2003 Seattle Annual Meeting (November 2–5, 2003)

Paper No. 12
Presentation Time: 11:00 AM

CRYSTAL CHEMISTRY AND ENERGETICS: A CASE STUDY IN ZEOLITES


NAVROTSKY, Alexandra, Peter A. Rock Thermochemistry Laboratory and NEAT ORU, Univ of California at Davis, One Shields Avenue, Davis, CA 95616, anavrotsky@ucdavis.edu

Crystallography and thermodynamics are intimately related; details of short and long range atomic environments control both. Using zeolites as a case study, the following issues are addressed: (1) how the very small energetic difference between different framework types at a given composition (e.g. SiO2) relates to local geometry and the energy of internal and external surfaces, (2) the similarity of vibrational heat capacities and entropies for different structure types, (3) structural and energetic basis for new frameworks in Si-Ge zeolites. A comparison of major issues in thermodynamic stability of mineralogical and technological zeolites is presented.

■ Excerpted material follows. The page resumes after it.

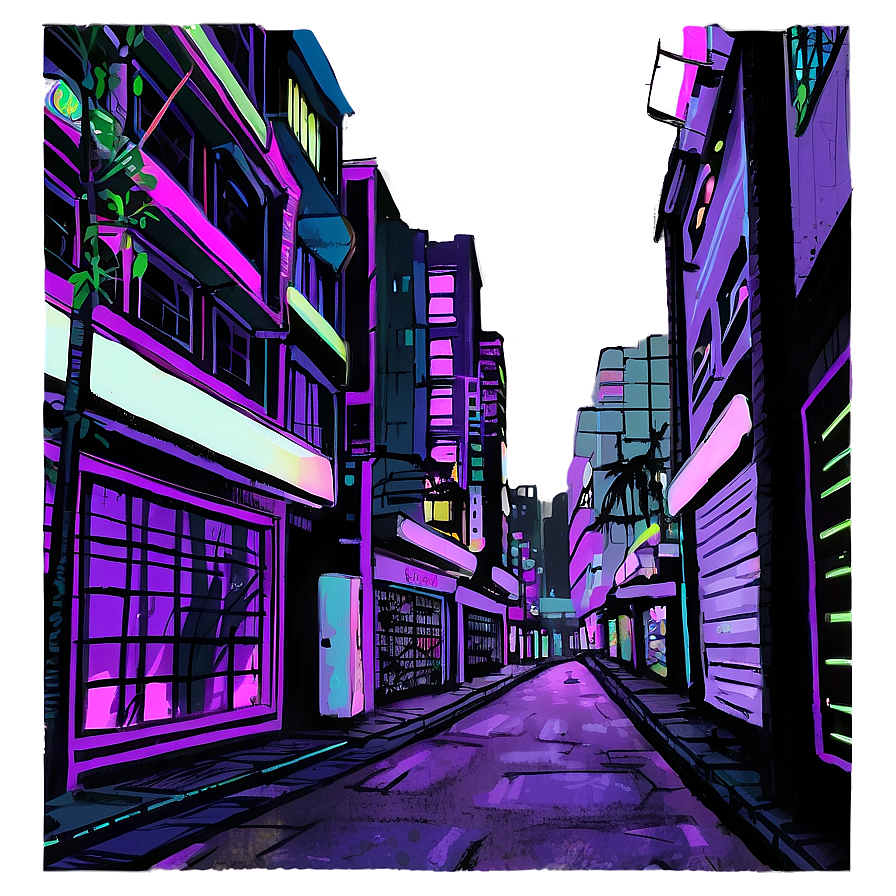 Neon Lit Street Png Rli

Specifically, the following has been found. The enthalpies of all silica zeolites studied so far lie in a narrow range spanning 7 kJ/mol and lying 8-15 kJ/mol about quartz. They can be related to the increased internal surface area of the pores and define an internal surface energy near 0.09 J/m2, similar to the external surface energy of amorphous silica. This small surface energy explains why there is no dependence of measured enthalpy of solution on particle size, in contrast to behavior for other oxides like TiO2. For SiGe zeolites, the concentration of Ge in double-four-rings is a major stabilizing factor for new structures. For zeolite minerals, hydration/dehydration reactions probably dominate phase stability.